Additional questions to be addressed as the Trusted Code Initiative evolves:

2. What is the difference between Trusted Code and other open source software that is used within government systems?

3. How does a software component become "Trusted"?

4. Who regulates the definition and standard for "Trusted Code"?

5. Who can submit a component to become Trusted?

6. Who pays for Trusted Code?

7. Who can access Trusted Code?

8. Is Trusted Code secure? 

9. What are the export (ITAR) issues regarding Trusted Code?

10. Who can service and support Trusted Code resources?

11. How and where are Trusted Code resources hosted and distributed?  Who has access?

12. Which code scanning engines are used as part of the Trusted Code Analysis and Vulnerability Monitoring?

13. How often are Trusted Code assets scanned?

14. What is included in the Free and "for Fee" Vulnerability Report?

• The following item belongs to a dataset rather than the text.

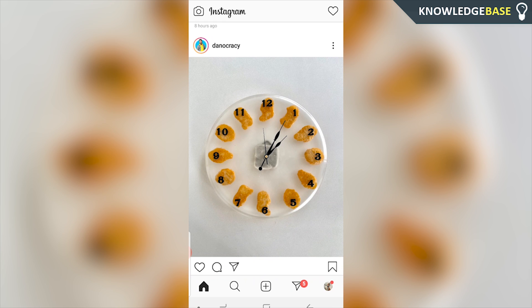In today's video I'll show you how you can delete your Instagram account if you've forgotten the password. So here's what you need to do.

15. Who determines which Trusted Code resources are included in Information Assurance validation efforts? 

16. Who can participate in the IA validation process?  What does it cost?  Who has access after the code is validated?

17. Which IA and SwA validations are included or considered?

18. Which Government Agencies are participating in the Trusted Code Initiative?

19. Who serves on the Trusted Code Foundation Board and other committees?

20. What are the qualifications or criteria required to participate in the Trusted Code Foundation?

21.  Are Trusted Code resources 508 compliant? 

22. What is the long-term strategy for the Trusted Code Initiative?

23. What are the reporting processes and policies for the Trusted Code Foundation?

24. What open source licenses are recognized or recommended by the Trusted Code Initiative?

25. Are non-open source software resources considered for Trusted Code designation?

26. Which open source development communities are participating in the Trusted Code Initiative?

27. How long is the Trusted Code designation valid for a component?

28. What other efforts are similar to the Trusted Code Initiative?  What are the differences?

29. When are the Trusted Code Foundation Board of Directors and other activities scheduled?  Are they open to the public?

30. Who owns the Trusted Code Foundation?

31. Who sponsors the Trusted Code Initiative?

32.  Who pays for the Information Assurance validation processes for Trusted Code components?

33. Is there a fee to belong to the Trusted Code Foundation?

34. What is the governance structure of the Trusted Code Foundation?